Soon after Ben ran by, his face frozen in a state of exhaustion, Darcel Hunt, a physics teacher and the Dream Far coordinator at my school, breezed by, smiling.
Darcel logged hundreds of miles this year – in the rain, the sun, the snow – with our school’s three Dream Far runners and other teacher volunteers.
Everyone who works and learns in an urban school has no choice but to wring out the best possible results from what we have. Pursuit of higher MCAS scores and budget constraints have left enrichments for most Boston teenagers threadbare, and Darcel’s efforts to create opportunities where few exist is a model of what it means to be an effective urban educator now.
Days before the marathon, I worked with Ben after school. Students in my 10th grade Humanities classes recently developed their own research questions to pursue as their final projects. The criterion is that the question can lead to a reasonable debate. Here’s Ben’s: “Should one person get a better education just because of where he or she lives?” I hesitated at first. On its face, the question seems incapable of sparking debate. But then I came to my senses and approved it.

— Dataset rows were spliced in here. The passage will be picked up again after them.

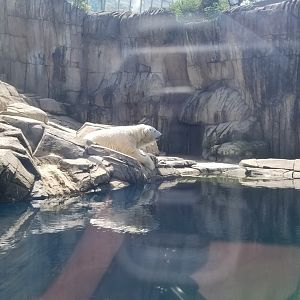 Pittsburgh 8/21 - Polar bear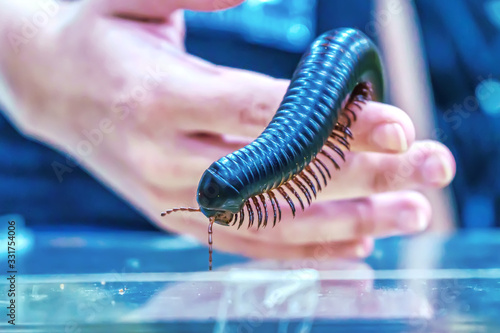 Giant millipede is a popular pet in Thailand.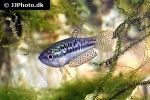 trichopsis pumila trichopsis pumila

Ben lives in a small condominium complex through which the borders of Newton, Brookline, and Boston – imperceptibly, yet with great consequence – slice through red brick walls and piece out educational opportunity. Ben goes to school in Boston where the four-year graduation rate is 62%. If he lived in the apartment a few doors down, he would catch the school bus that stops at the end of his street and takes kids to Newton, where the student population is 74% white, and the graduation rate is 96%.

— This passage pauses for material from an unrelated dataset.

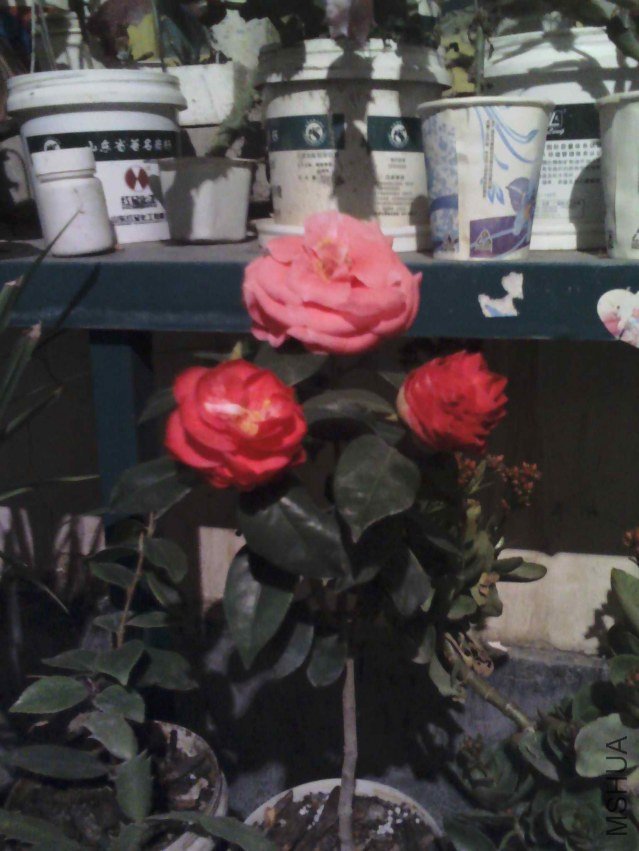 YP20130223185727.jpg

Ben is often whimsical. When I checked in on him, his computer screen was checkered with pictures of snake meat, culled from a Google images search. “Ben, why are you searching for pictures of snake meat?” I asked. “It’s because I eat a lot of fish, and fish and snakes have almost the same kind of skin,” he explained. “I wanted to see what their meat looks like.”
When it comes to the differences between the schools of Boston and its neighbors, however, Ben is serious. He can fluently navigate the DESE and Education Week websites to show that students in Newton are more likely to have classes taught by highly qualified teachers. He is well versed in the deep catalog of classes and activities that Newton and Brookline boast. Despite its seemingly comparable per-pupil spending, Boston has a far greater percentage of students with low-socioeconomic status and students with limited English proficiency, and its attendance rates are abysmal.
I often wonder: How is it that we are not out in the streets over what Jonathan Kozol calls “apartheid education”? What will it take to dismantle our fealty to the principle of local control and the premise that privilege-conferring education is a birthright that comes with living in the right zip code?
Two weeks after the marathon, Ben asked me to drive him to Newton’s central office so that he could attempt to transfer for the upcoming year. His father had signed all the papers. On the “Out-of-Assigned-District Placement” form, in the “reason for request” space, he had written: “Better educational programs, more activities, higher success rates, and closer to where we live.” After a long talk with Ben, I agreed to take him.
Later that week we drove to the central office. A nice woman told us we had to go to Newton South High School. On the way there we passed Newton North High School, which opened two years ago and cost almost $200 million to build. Kids played lacrosse on its emerald lawn and its sprawling modern façade seemed like a mirage. At Newton South, an administrator was one of the few souls left in the main office. She informed Ben that he would have to call the next day to make an appointment when the office was better staffed. The next day Ben borrowed my phone to make the call. A woman on the other end kept repeating “You have to live in Newton in order to go here.”
The conversations we have about teacher evaluation, turnarounds, and charters matter. Gotta have them. But they skirt a larger issue. I predict that performance based evaluations will reveal that in urban districts, even the most effective teachers – say the top 5% – do not produce acceptable learning gains. I say this as someone who believes that when it comes to learning, teacher quality trumps everything, including out-of-school factors.
We need to change conditions to make effective teaching more possible: smaller rosters, fewer preps, more time to plan and collaborate, more teachers. Such a paradigm shift could begin to level the playing field, but the investment required is far beyond anything currently being discussed.
Left unchecked, inequality festers. Always. The dream of desegregation – our best-ever check against educational inequality – has been all but killed by the Supreme Court. And zoning laws that prohibit the construction of affordable housing in areas with high performing schools effectively act as gates to keep out other people’s children. Dewey called education “the great equalizer.” But when schools themselves are grossly unequal, education is the great sorting mechanism.
I often wonder: How is it that we are not out in the streets over what Jonathan Kozol calls “apartheid education”? What will it take to dismantle our fealty to the principle of local control and the premise that privilege-conferring education is a birthright that comes with living in the right zip code? An equity index that measures state-by-state educational fairness and determines federal funding would be a good start. Even a move as modest as this, however, won’t come voluntarily. But with the right kind of pressure, it might.